● Assignment: Please transcribe all of the records precisely.

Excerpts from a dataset
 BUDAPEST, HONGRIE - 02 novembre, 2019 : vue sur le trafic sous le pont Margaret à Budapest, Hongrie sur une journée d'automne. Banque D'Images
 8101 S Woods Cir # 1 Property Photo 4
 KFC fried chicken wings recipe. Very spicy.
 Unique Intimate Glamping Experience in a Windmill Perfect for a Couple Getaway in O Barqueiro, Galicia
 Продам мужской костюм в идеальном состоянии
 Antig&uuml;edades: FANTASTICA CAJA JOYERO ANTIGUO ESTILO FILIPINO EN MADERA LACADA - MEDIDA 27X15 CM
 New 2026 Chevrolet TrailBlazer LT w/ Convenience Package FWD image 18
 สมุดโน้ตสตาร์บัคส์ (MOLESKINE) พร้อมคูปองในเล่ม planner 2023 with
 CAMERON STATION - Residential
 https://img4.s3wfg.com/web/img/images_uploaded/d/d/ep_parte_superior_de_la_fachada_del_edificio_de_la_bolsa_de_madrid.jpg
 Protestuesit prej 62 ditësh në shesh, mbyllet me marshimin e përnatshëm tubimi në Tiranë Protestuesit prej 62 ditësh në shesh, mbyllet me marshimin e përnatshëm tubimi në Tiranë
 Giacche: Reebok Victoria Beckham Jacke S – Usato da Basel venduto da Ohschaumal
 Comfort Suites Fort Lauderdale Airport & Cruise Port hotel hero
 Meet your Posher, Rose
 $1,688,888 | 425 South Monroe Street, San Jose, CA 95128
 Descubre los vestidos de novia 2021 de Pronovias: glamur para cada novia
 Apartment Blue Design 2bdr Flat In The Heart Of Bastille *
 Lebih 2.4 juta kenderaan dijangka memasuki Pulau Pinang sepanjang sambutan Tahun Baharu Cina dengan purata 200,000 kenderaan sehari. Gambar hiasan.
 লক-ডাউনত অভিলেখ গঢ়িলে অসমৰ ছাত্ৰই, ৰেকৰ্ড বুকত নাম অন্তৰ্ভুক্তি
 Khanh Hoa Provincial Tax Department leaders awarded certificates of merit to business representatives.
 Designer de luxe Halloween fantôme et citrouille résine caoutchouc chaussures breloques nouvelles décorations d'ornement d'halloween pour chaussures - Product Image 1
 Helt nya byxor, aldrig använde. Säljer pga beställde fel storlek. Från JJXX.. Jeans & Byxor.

● Output for this task:
 BUDAPEST, HONGRIE - 02 novembre, 2019 : vue sur le trafic sous le pont Margaret à Budapest, Hongrie sur une journée d'automne. Banque D'Images
 8101 S Woods Cir # 1 Property Photo 4
 KFC fried chicken wings recipe. Very spicy.
 Unique Intimate Glamping Experience in a Windmill Perfect for a Couple Getaway in O Barqueiro, Galicia
 Продам мужской костюм в идеальном состоянии
 Antig&uuml;edades: FANTASTICA CAJA JOYERO ANTIGUO ESTILO FILIPINO EN MADERA LACADA - MEDIDA 27X15 CM
 New 2026 Chevrolet TrailBlazer LT w/ Convenience Package FWD image 18
 สมุดโน้ตสตาร์บัคส์ (MOLESKINE) พร้อมคูปองในเล่ม planner 2023 with
 CAMERON STATION - Residential
 https://img4.s3wfg.com/web/img/images_uploaded/d/d/ep_parte_superior_de_la_fachada_del_edificio_de_la_bolsa_de_madrid.jpg
 Protestuesit prej 62 ditësh në shesh, mbyllet me marshimin e përnatshëm tubimi në Tiranë Protestuesit prej 62 ditësh në shesh, mbyllet me marshimin e përnatshëm tubimi në Tiranë
 Giacche: Reebok Victoria Beckham Jacke S – Usato da Basel venduto da Ohschaumal
 Comfort Suites Fort Lauderdale Airport & Cruise Port hotel hero
 Meet your Posher, Rose
 $1,688,888 | 425 South Monroe Street, San Jose, CA 95128
 Descubre los vestidos de novia 2021 de Pronovias: glamur para cada novia
 Apartment Blue Design 2bdr Flat In The Heart Of Bastille *
 Lebih 2.4 juta kenderaan dijangka memasuki Pulau Pinang sepanjang sambutan Tahun Baharu Cina dengan purata 200,000 kenderaan sehari. Gambar hiasan.
 লক-ডাউনত অভিলেখ গঢ়িলে অসমৰ ছাত্ৰই, ৰেকৰ্ড বুকত নাম অন্তৰ্ভুক্তি
 Khanh Hoa Provincial Tax Department leaders awarded certificates of merit to business representatives.
 Designer de luxe Halloween fantôme et citrouille résine caoutchouc chaussures breloques nouvelles décorations d'ornement d'halloween pour chaussures - Product Image 1
 Helt nya byxor, aldrig använde. Säljer pga beställde fel storlek. Från JJXX.. Jeans & Byxor.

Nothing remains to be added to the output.